- **Exercise requirements**
Starting at the line that contains "marmoreum ssp. marmoreum", return every line through the end of the data exactly, without pictures.

(Stored data)
--
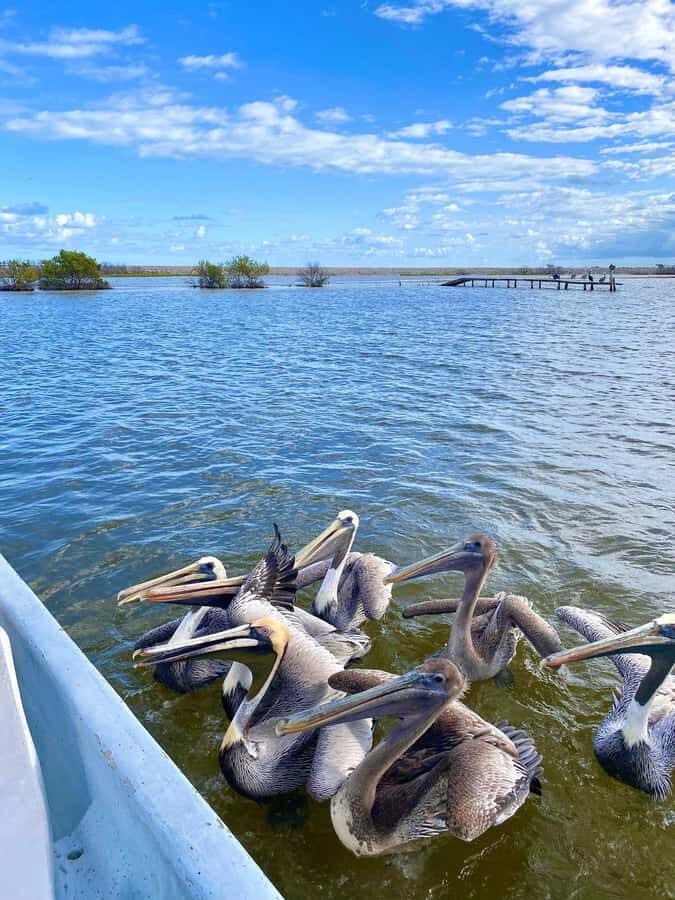 flamingo tour in Rio Lagartos, Yucatan 3 hours - Birding highlights: herons, eagles, pelicans, and the joy of variety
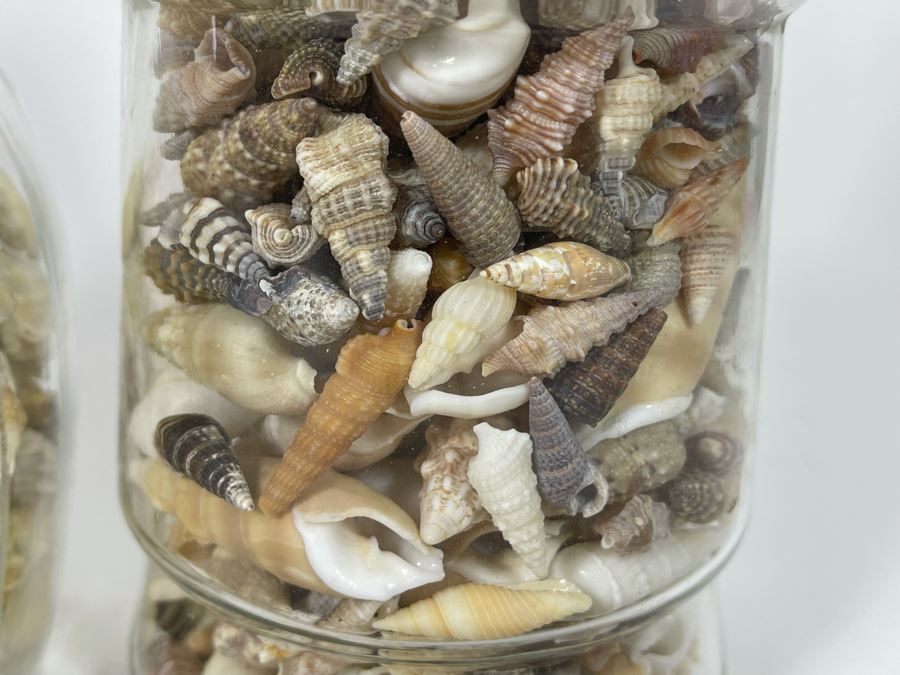 Collection Of Organic Seashells Mainly From The South Pacific Ocean (6 Jars) [Photo 8]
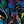 Black Multi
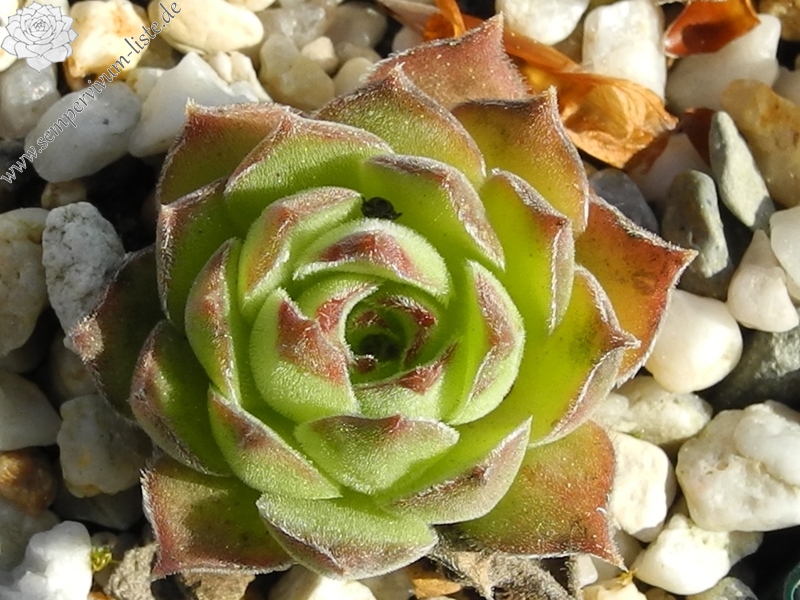 marmoreum ssp. marmoreum (assimile) from Domogled
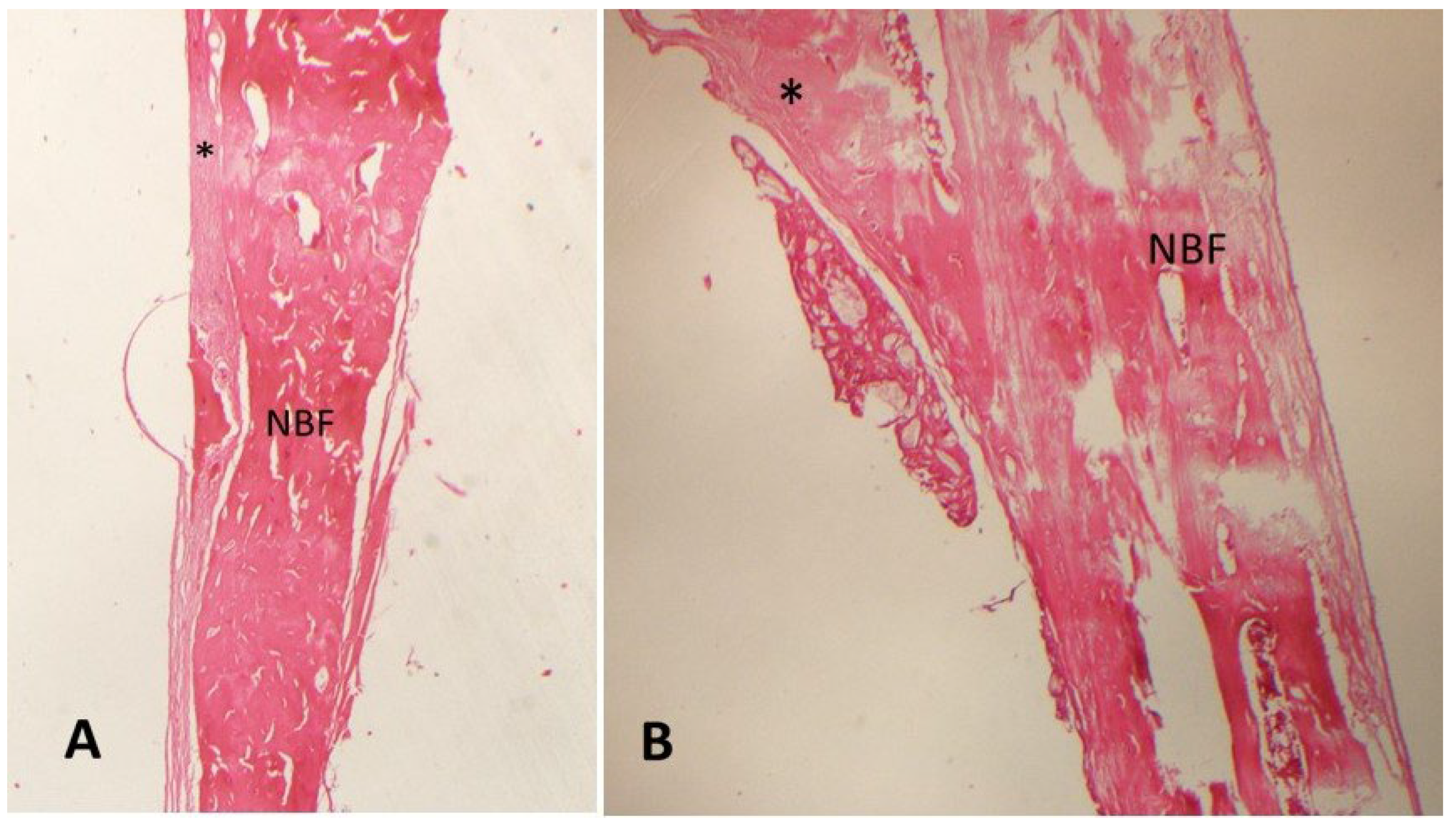 Medicina 61 00146 g003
--
- **Response below**
 marmoreum ssp. marmoreum (assimile) from Domogled
 Medicina 61 00146 g003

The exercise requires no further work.